At a meeting on 6 May, a European Commission decision will be made that may withdraw funding from the Eurocontrol ETS support facility, a system that calculates the emissions of aircraft using flight tracking data from Eurocontrol's central flow management unit. Airlines are complaining that this is a function that they should not have to support through air navigation service user charges, so if their voice dominates the meeting, or if an alternative form of funding for the ETS support facility is not found, small emitters will have to work within the ETS using the far more complex emissions accounting system that large emitters like airlines will be required to use. The European Business Aviation Association says that the administrative burden is so massive for such small emissions that the cost of compliance with such a system may be up to forty times the cost of buying the emissions offsets.
EBAA president Brian Humphries says the loss of the ETS support system would be a disaster for small operators, loading them with disproportionate costs without improving the performance of the ETS itself, and therefore with no benefit to the environment. Yet advice from within the Commission at present, says Humphries, suggests that business operators may have to suffer the expensive bureaucracy in order to assemble the data that would enable them to demonstrate that it is suffocatingly bureaucratic, expensive and ineffective.

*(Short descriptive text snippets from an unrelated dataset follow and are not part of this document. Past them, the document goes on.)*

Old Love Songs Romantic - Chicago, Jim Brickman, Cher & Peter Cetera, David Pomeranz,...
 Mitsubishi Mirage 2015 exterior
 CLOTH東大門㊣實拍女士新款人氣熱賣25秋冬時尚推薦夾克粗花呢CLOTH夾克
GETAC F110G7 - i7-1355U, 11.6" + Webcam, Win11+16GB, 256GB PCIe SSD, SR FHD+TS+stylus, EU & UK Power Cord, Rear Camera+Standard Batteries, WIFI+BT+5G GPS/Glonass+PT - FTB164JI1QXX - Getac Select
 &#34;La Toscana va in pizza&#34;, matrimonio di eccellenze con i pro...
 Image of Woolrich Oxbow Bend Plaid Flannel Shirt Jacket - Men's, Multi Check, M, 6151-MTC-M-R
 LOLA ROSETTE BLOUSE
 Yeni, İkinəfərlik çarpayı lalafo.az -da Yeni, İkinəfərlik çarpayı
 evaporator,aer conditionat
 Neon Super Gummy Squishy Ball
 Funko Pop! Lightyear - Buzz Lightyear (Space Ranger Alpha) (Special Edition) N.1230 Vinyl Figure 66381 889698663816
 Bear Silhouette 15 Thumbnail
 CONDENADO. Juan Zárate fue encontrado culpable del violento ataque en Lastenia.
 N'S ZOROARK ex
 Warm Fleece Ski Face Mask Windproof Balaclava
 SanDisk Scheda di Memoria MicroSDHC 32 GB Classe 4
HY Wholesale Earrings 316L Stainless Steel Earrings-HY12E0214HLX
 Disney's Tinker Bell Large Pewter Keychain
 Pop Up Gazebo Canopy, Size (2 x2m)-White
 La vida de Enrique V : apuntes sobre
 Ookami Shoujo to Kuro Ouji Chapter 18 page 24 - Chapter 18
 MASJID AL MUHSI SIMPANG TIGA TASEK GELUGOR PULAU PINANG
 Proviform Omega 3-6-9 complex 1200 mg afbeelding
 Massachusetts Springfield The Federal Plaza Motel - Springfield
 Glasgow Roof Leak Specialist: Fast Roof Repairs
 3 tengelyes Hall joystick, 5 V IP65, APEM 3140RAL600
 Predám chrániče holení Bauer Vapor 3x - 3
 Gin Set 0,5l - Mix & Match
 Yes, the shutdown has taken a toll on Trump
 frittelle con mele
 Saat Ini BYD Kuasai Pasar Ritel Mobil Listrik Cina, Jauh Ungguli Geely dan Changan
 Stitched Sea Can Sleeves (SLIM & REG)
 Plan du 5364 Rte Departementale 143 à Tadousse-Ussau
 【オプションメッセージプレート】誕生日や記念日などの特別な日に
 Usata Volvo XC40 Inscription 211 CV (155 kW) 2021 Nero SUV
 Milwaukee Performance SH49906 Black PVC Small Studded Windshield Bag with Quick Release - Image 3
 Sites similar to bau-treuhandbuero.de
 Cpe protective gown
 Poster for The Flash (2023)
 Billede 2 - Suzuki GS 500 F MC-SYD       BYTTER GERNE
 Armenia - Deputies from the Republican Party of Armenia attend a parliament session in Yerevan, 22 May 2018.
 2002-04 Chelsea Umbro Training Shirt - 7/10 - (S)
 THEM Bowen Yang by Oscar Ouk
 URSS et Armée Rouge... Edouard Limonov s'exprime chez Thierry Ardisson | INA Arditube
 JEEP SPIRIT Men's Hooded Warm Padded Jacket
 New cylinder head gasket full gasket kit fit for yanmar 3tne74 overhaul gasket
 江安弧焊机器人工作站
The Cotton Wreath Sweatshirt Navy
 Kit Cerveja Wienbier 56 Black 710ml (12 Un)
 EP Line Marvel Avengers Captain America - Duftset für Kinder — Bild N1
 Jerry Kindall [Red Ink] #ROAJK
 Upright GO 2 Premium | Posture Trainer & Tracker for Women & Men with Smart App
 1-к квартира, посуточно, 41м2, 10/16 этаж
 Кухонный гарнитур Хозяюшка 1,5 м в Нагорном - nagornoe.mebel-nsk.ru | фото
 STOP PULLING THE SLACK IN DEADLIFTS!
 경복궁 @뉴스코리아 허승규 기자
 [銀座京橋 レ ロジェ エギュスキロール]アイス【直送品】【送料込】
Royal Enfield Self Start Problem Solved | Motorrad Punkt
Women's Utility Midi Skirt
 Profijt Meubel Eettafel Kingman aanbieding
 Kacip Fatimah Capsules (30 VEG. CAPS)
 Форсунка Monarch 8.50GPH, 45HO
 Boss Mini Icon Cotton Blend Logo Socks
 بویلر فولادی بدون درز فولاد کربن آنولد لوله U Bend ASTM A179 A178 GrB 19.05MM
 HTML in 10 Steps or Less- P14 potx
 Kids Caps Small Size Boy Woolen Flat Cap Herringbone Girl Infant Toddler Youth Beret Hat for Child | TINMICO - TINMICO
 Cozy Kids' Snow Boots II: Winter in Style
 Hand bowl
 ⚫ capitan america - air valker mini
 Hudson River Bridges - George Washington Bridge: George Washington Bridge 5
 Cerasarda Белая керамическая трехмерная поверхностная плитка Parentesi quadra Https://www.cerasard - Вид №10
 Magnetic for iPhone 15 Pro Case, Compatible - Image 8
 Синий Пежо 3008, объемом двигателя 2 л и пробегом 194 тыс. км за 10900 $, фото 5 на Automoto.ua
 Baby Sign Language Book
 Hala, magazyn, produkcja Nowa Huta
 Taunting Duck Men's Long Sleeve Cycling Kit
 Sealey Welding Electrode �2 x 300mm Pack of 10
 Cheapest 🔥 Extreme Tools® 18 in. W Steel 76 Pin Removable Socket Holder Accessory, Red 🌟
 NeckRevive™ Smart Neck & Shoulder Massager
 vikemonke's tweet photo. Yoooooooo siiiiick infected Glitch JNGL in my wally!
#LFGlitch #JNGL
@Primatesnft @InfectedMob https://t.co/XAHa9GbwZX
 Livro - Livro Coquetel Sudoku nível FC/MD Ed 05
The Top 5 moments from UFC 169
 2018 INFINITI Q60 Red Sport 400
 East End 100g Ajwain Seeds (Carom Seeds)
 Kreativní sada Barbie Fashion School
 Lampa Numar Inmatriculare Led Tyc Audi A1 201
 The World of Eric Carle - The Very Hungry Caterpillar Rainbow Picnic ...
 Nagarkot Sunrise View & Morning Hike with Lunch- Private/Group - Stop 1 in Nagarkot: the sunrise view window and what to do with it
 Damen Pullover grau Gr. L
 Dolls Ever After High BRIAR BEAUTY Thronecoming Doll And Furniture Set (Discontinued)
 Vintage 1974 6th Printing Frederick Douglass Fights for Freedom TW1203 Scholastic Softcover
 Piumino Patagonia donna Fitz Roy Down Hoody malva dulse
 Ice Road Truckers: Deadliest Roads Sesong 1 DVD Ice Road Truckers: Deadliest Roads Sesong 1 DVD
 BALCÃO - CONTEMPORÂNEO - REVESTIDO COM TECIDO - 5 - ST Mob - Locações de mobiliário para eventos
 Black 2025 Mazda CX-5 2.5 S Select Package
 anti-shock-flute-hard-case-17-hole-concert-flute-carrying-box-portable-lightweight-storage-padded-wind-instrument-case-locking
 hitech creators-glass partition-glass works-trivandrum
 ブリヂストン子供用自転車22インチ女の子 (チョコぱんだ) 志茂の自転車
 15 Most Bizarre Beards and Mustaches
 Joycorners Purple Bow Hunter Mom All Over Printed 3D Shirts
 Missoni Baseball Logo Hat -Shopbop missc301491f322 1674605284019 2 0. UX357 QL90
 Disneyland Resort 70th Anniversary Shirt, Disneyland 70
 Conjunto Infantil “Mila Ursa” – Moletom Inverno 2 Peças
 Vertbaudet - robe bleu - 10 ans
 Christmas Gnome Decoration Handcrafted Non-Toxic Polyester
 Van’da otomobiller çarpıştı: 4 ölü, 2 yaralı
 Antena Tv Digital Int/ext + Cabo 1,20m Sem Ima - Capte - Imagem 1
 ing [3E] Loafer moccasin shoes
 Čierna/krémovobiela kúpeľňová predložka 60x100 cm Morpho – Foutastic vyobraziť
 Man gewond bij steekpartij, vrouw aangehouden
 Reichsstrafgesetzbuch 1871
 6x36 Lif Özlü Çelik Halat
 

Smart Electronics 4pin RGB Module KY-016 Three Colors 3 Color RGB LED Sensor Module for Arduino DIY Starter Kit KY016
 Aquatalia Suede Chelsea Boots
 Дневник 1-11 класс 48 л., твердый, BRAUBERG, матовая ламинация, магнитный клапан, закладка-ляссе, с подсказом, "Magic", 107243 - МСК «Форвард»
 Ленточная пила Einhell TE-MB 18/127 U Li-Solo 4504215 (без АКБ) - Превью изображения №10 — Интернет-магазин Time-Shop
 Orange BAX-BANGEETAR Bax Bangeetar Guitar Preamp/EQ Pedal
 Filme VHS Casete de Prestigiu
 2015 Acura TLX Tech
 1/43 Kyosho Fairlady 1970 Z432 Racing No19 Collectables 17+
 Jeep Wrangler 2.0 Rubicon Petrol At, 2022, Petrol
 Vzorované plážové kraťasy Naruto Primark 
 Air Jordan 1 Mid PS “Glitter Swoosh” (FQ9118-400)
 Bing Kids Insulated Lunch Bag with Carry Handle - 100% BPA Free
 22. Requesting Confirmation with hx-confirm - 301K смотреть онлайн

Meanwhile the ETS support facility itself is still in the process of being assessed to determine how accurate it is. If it proves highly accurate, the emissions threshold for operators allowed to use the system to verify their carbon dioxide output could be upped, with the very high emitters still being required to account more precisely for their fuel use/emissions. But the whole system hinges on the 6 May decision as to where future support facility funding will come from. Its continued existence is important not only to business aviation, but to the European aviation ETS as a whole, because it is one of the main emissions verification systems.